C'est une question rhétorique auquel il ne convient pas de porter de réponse. Assise sur cette souche aussi ancienne que le monde, la serpentine s'interroge mentalement avec un sourire distrait. Parfois, son regard est capté par le mouvement soudain d'oiseaux, de petites créatures sauvages qui daignent montrer le bout de leur museau. Trop vives, trop rapides cependant pour ce basilic qui rôde entre les arbres d'un air menaçant. Le monstre est bien trop large pour espérer chasser ces bêtes et pourtant il essaye. Obstiné et têtu, probablement poussé par son puissant instinct de prédation. Adorable, pense la bibliothécaire. Son petit animal de compagnie n'a pas l'air de se déplaire dans cet environnement boisé, sans doute viendra t-elle à nouveau en ces lieux pour le laisser divaguer à sa guise. Loin des êtres civilisés et de leurs villes, loin de tout ce qui est susceptible d'attiser son insatiable curiosité. La même que la sienne.
Elle se replonge dans son grimoire, bercée par le son de la nature. Sa longue robe brune ornée d'ésotériques symboles dorés repose sagement autour d'elle, dormante sur l'herbe environnante.

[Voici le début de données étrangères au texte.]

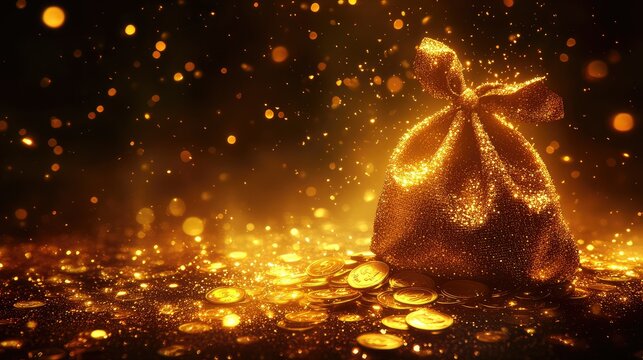 Golden treasure bag, filled with coins, in a sparkling, magical setting
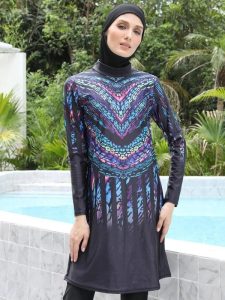 Burkini 3 pièces "Éclats de Nuit" élégant et stylé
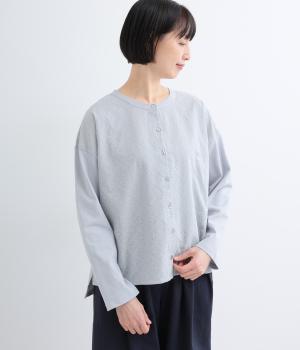 コットン刺繍　切替カーディガン(ライトブルー-F)
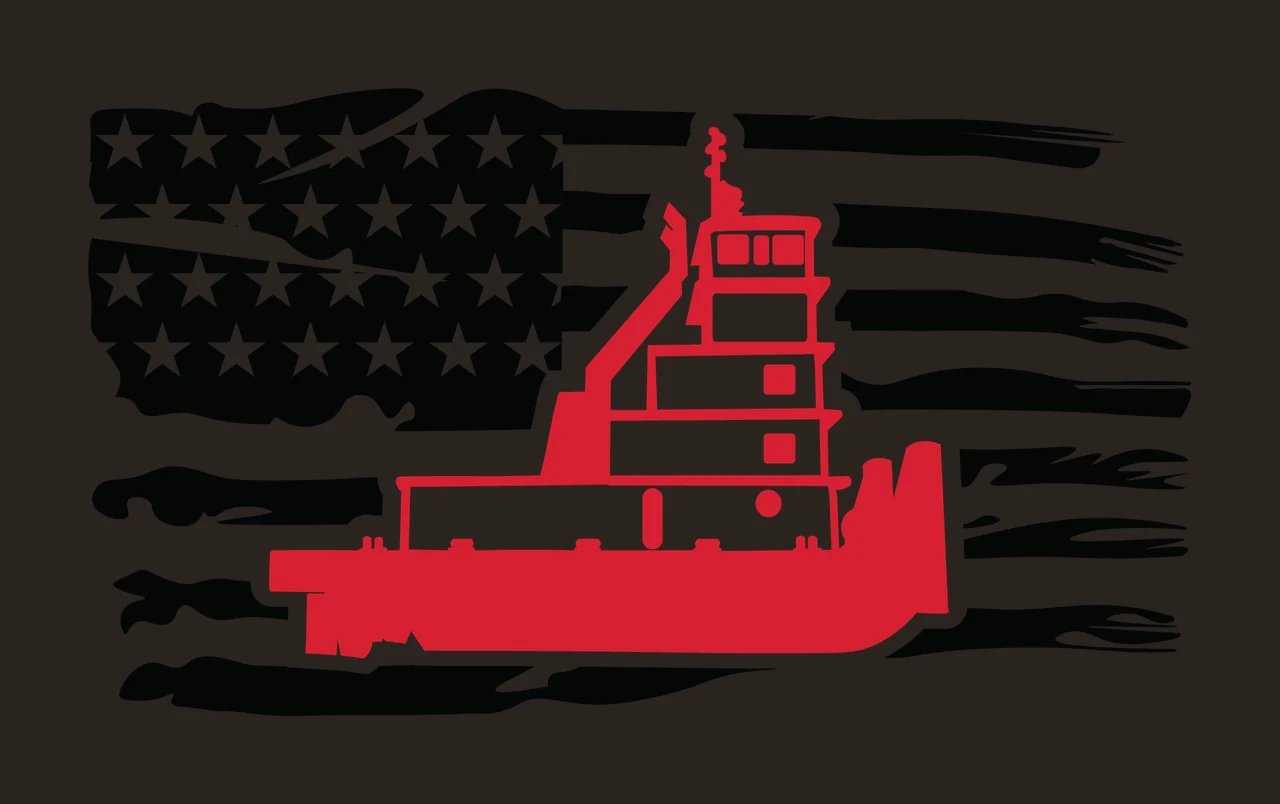 Flag Tugboat Silhouette Against A Distressed stars stripes contrast preview thumbnail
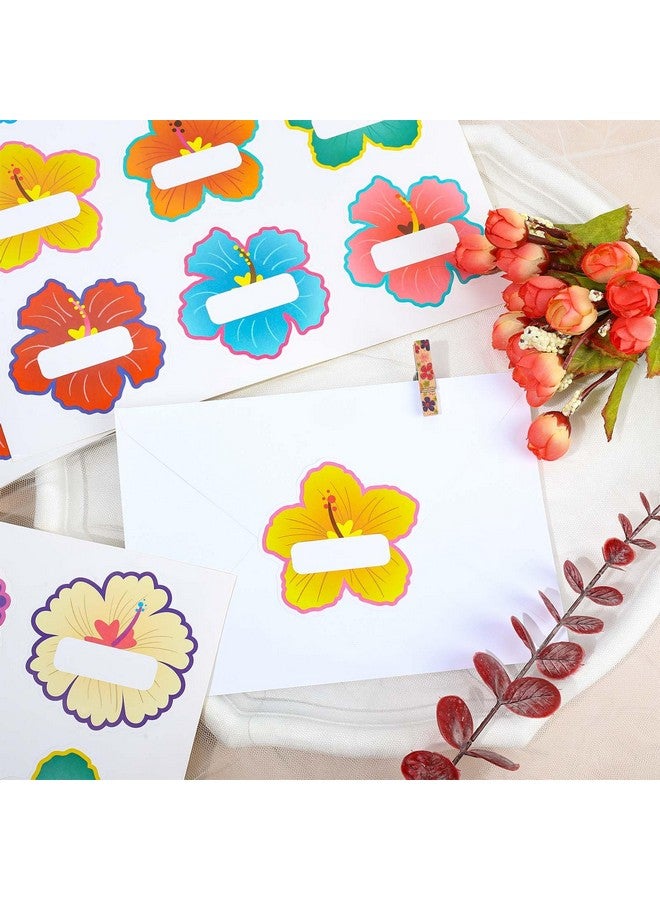وولاين 90 قطعة من ملصقات الاسم على شكل زهرة الكركديه، ملصقات لوحة اسم فارغة ملونة بالزهور، 9 أنماط متنوعة من ملصقات الاسم ذاتية اللصق لطلاب الصيف والمكتب والفصول الدراسية والمكتب المدرسي - Image 4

Loin de sa chaotique impulsivité, la serpentine se complait dans cet étrange atmosphère, dans cet apaisante relaxation similaire à sa librairie. Cette pensée qui lui traverse l'esprit est bien vite repoussée, effacée de sa tête comme si elle n'avait jamais existé. Rien ne peut remplacer sa somptueuse demeure, elle le sait. Et si elle a le malheur de souhaiter autre chose, son Royaume la rappellera à l'ordre. Cela a au moins le mérite de lui soutirer un gloussement amusé, dans cette réalisation qui n'en est pas une. Les pages de son grimoire glissent les unes après les autres, tantôt sous l'impulsion de ses doigts, tantôt via le bout de sa queue de serpent. Combien de fois devra t-elle relire cet amas de papier avant d'en comprendre le fond? A croire que plus les livres sont vieux, plus ils sont cryptiques.

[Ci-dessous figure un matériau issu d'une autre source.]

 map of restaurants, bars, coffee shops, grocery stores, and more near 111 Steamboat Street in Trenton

Un choc, un tremblement attire l'attention de la bibliothécaire. Le basilic exprime son mécontentement contre les arbres alentours, son corps ondulant frappant les troncs dans un bruit sourd. Sa prédation semble infructueuse et c'est avec irritation qu'il croise les yeux de sa propriétaire. Elle-même fronce les sourcils, agacée d'être dérangée dans sa lecture par son impétueux compagnon. Nul besoin de paroles entre eux, l'étrange lien qui est le leur ne s'embête pas d'éclats de voix. Le basilic se dresse et toise la femme-serpent de ses défiantes pupilles dorées, dans une confrontation qui n'est pas du goût de la libraire. Elle doit se rendre à l'évidence, monsieur ne cherchait pas juste à jouer avec la faune locale.
« N'as-tu pas déjà mangé avant de venir ? Je suis sûre que tu n'as même pas digéré ton humain encore. »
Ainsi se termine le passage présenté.